● TASK GOAL: Leave out the pictures, and write out exactly the lines from the beginning of the material to the line holding "Signature – salon", that line included, and nothing else.

==== PROVIDED MATERIAL

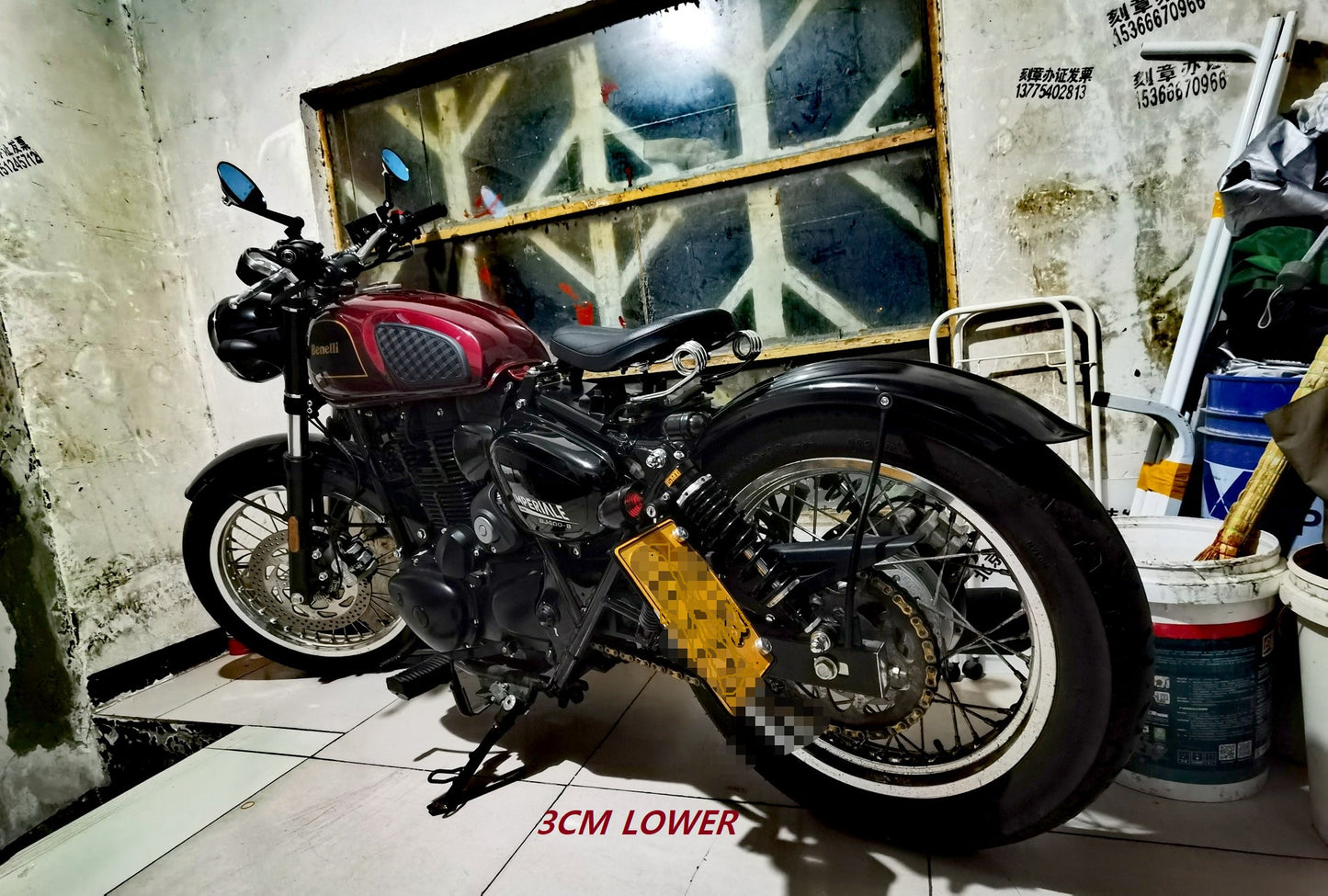 BENELLI IMPERIALE 400 REAR SHOCK ABSORBER(REDUCE STIFFNESS & LOWER YOUR SEAT )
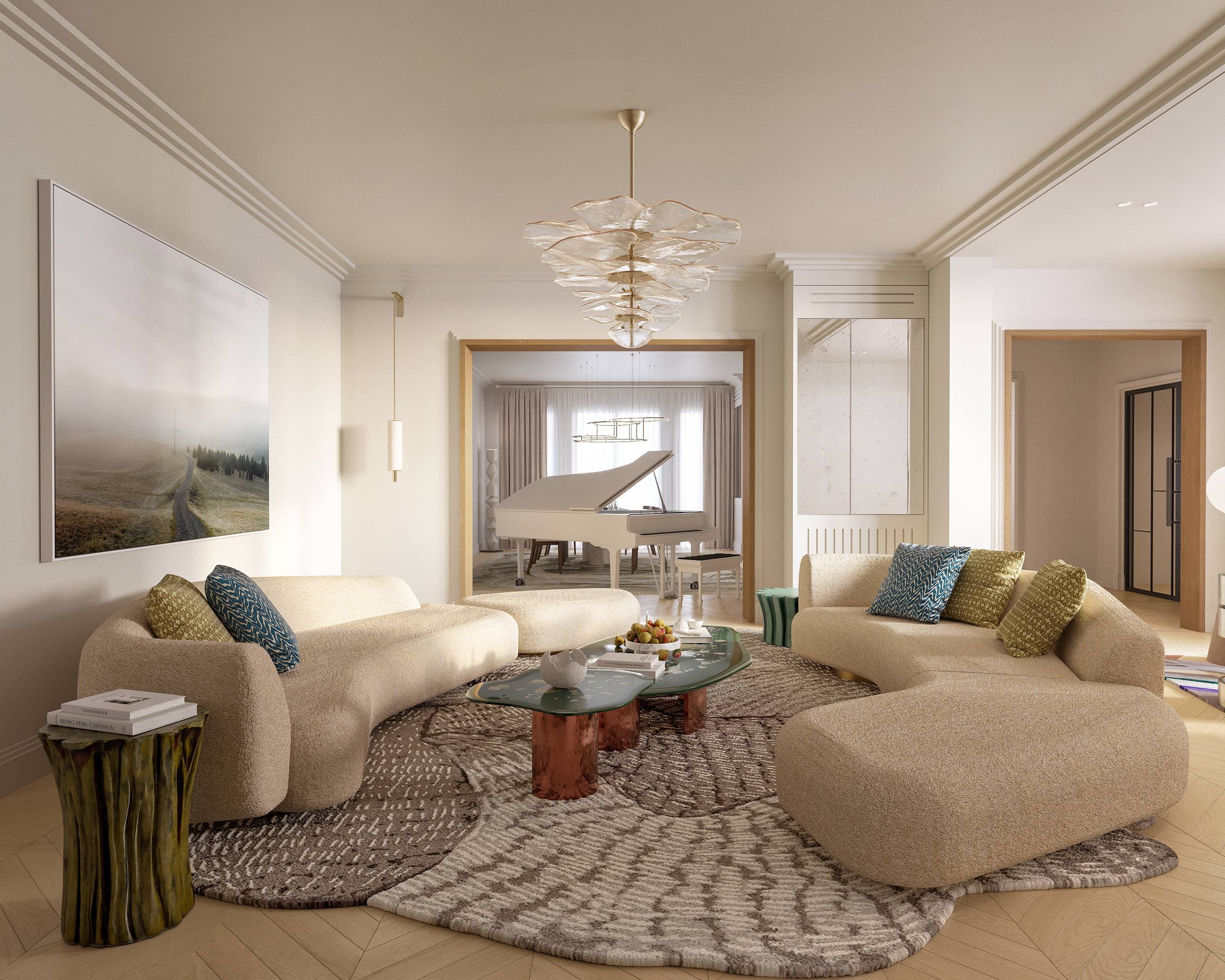 Signature – salon en canapés bouclette crème, lustre en verre soufflé doré, piano à queue blanc en arrière-plan, parquet en chevrons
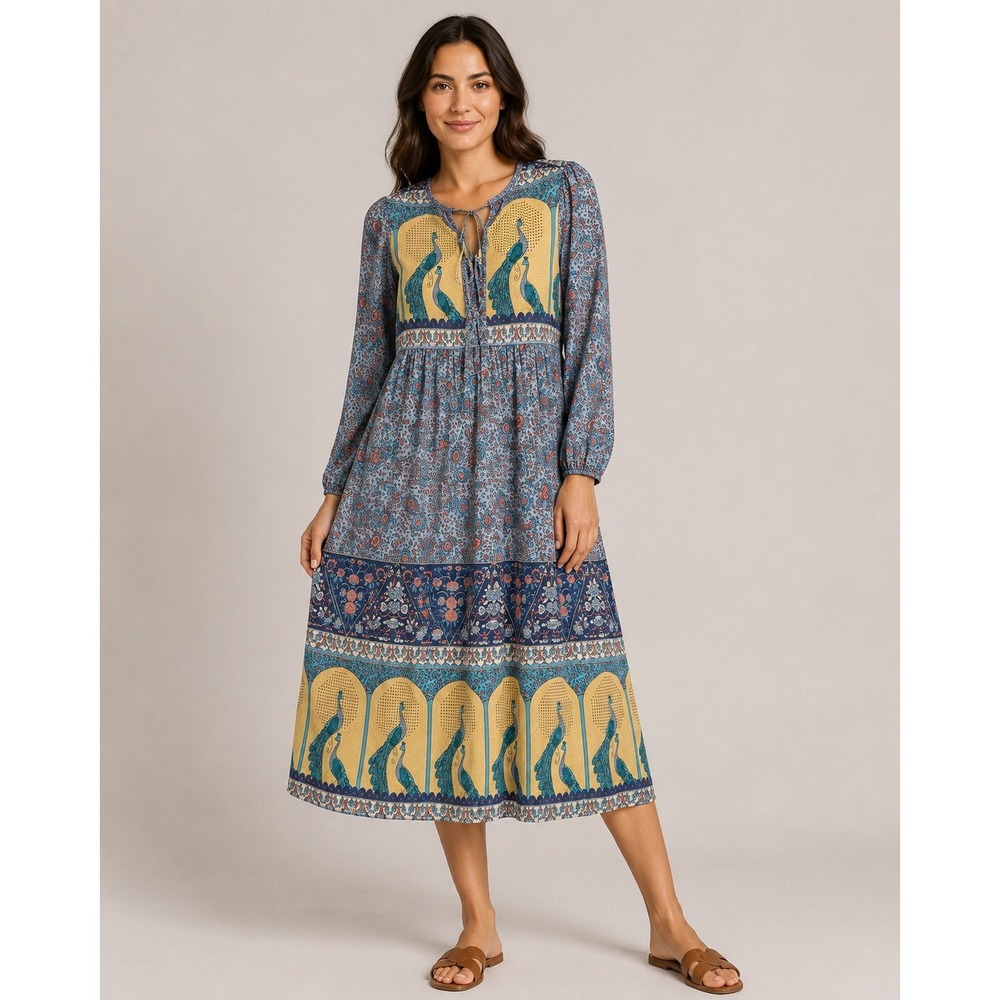 R.Vivimos Peacock Floral Midi Dress M 8/10 Blue Boho Long Sleeve Tie Front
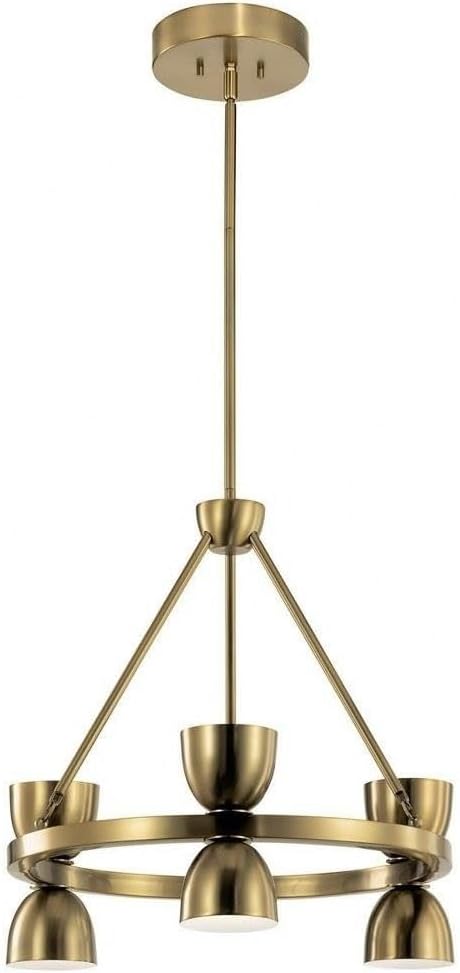 Kichler Baland 22 Inch 6 Light Chandelier in Brushed Natural Brass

========

● SOLUTION FOR THIS TASK:
 BENELLI IMPERIALE 400 REAR SHOCK ABSORBER(REDUCE STIFFNESS & LOWER YOUR SEAT )
 Signature – salon en canapés bouclette crème, lustre en verre soufflé doré, piano à queue blanc en arrière-plan, parquet en chevrons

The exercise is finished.